Jesus aparece acompanhado por Elias e Moisés e conversa com eles. Qual seria o conteúdo desta conversa? Os personagens que aparecem e dialogam com Jesus são dois ícones da história do povo de Israel: Moisés, que lembra o êxodo libertador, e Elias, que recorda a profecia corajosa, radicada na experiência de um Deus que caminha com seu povo mas não se deixa prender em nenuma imagem. Liberdade e profecia parecem ser o conteúdo do diálogo. Mas os discípulos não parecem interessados nisso. Eles se deixam seduzir pelo brilho da cena e fecham os ouvidos ao que se fala.
A nuvem tenebrosa e luminosa que envolve os discípulos embriagados recorda o êxodo, a longa e exigente travessia da escravidão à liberdade. Se antes eles estavam achando tudo muito bom e bonito, caem no chão e são tomados pelo medo quando a nuvem os envolve. Parece que o temor aumenta quando ouvem a a voz que ordena: “Este é o meu filho amado, nele está o meu pleno agrado: escutai-o!” Nenhum discípulo de Jesus pode pretender menosprezar a lição de um Deus que se deixa crucificar por amor. O processo de libertação pessoal e coletivo tem seus custos!
O intimismo e o espiritualismo que costumam envolver e acompanhar muitas experiências religiosas podem ser perigosos, pois tendem a esconder a indiferença para com a sorte dos oprimidos – o tráfico humano à frente! – e a letal aliança com o poder das elites. A tentação de construir tendas, templos e palácios em lugares inacessíveis aos simples humanos sempre ronda a Igreja, e nem Pedro e seus sucessores estiveram imunes a ela.
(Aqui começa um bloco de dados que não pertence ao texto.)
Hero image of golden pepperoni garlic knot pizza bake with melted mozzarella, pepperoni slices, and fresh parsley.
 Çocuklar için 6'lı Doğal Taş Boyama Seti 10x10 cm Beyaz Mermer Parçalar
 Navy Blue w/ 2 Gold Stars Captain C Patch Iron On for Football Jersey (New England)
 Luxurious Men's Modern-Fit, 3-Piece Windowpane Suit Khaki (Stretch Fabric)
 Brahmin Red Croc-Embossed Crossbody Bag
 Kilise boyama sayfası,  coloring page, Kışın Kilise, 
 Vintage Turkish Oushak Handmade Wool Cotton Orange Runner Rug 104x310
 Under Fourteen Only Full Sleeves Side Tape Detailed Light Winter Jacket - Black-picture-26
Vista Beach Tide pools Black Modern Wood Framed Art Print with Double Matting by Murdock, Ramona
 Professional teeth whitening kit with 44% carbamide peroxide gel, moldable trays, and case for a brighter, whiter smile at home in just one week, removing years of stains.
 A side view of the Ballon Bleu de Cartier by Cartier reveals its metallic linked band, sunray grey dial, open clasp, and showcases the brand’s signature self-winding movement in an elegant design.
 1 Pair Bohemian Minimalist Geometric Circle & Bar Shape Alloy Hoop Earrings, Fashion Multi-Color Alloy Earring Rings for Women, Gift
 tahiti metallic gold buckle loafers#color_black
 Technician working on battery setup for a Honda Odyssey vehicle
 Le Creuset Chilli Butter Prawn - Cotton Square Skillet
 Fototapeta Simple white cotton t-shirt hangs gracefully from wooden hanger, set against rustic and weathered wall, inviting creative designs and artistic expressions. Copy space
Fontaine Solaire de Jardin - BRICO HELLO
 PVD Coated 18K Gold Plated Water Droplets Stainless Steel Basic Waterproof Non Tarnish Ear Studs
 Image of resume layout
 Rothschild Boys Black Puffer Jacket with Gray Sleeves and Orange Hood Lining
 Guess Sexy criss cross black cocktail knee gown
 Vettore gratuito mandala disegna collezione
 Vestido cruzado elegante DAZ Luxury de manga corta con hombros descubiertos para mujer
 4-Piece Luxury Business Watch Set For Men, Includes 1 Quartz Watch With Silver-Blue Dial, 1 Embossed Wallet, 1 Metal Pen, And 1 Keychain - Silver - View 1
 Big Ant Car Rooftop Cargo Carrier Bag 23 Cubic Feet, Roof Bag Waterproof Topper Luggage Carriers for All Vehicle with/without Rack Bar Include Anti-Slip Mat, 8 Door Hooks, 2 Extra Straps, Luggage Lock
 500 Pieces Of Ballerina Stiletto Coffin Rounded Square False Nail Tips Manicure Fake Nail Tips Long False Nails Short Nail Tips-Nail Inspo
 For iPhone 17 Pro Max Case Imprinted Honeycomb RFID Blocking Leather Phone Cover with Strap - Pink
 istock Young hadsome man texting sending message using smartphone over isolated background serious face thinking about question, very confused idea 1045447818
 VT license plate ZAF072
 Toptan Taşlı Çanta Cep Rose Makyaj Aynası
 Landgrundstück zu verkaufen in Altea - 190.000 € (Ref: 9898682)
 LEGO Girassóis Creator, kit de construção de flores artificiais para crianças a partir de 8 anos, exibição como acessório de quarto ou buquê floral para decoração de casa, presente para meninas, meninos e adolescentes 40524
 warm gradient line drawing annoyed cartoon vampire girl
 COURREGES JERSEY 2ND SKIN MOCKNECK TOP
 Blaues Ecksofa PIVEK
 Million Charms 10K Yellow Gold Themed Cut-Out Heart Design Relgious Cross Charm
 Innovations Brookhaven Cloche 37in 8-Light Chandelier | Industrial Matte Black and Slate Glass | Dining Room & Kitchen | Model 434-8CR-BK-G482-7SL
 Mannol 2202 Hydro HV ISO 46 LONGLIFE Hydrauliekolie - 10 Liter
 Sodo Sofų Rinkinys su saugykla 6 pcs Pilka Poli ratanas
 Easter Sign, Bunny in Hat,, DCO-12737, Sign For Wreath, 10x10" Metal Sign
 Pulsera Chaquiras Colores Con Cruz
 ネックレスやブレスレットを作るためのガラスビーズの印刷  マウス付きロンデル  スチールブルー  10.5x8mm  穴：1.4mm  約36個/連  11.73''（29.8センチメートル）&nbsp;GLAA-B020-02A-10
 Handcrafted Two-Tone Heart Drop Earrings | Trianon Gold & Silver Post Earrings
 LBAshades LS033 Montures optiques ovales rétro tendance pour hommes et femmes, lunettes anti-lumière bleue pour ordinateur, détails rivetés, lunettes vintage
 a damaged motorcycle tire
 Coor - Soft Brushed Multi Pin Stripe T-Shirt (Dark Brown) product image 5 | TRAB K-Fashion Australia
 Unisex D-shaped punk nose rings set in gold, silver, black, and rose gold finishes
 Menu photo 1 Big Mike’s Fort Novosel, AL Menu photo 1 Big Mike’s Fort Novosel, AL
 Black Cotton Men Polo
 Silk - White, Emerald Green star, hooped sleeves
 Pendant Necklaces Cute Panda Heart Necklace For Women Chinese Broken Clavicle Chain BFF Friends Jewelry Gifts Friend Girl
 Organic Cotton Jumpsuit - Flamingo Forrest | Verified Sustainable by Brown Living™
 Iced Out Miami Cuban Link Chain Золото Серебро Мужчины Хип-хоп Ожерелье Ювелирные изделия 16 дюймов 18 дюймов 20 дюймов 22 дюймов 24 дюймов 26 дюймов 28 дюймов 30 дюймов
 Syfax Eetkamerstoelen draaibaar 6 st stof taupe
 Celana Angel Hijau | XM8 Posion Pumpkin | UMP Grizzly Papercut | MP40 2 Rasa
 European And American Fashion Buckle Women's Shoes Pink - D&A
É preciso descer da montanha, sair dos templos, ganhar as ruas e não esquecer a lição da solidariedade!
Deus Pai e Mãe! Aqui estamos, dispostos a escutar e compreender a Palavra e o Caminho do teu Filho. Ajuda-nos a acolhê-los, com a firme decisão de sermos parceiros dos homens e mulheres nos seus sonhos e lutas, e de compartilhar os custos neles implicados. Não nos deixes cair na tentação de armar piedosas tendas, longe das dores das vítimas e dos clamores dos pobres e sofredores. Toca delicadamente nosso ombro, espanta o medo que nos embebeda e levanta-nos,  para que desçamos da montanha  revestidos da coragem dos profetas e da esperança dos sonhadores. Assim seja! Amém!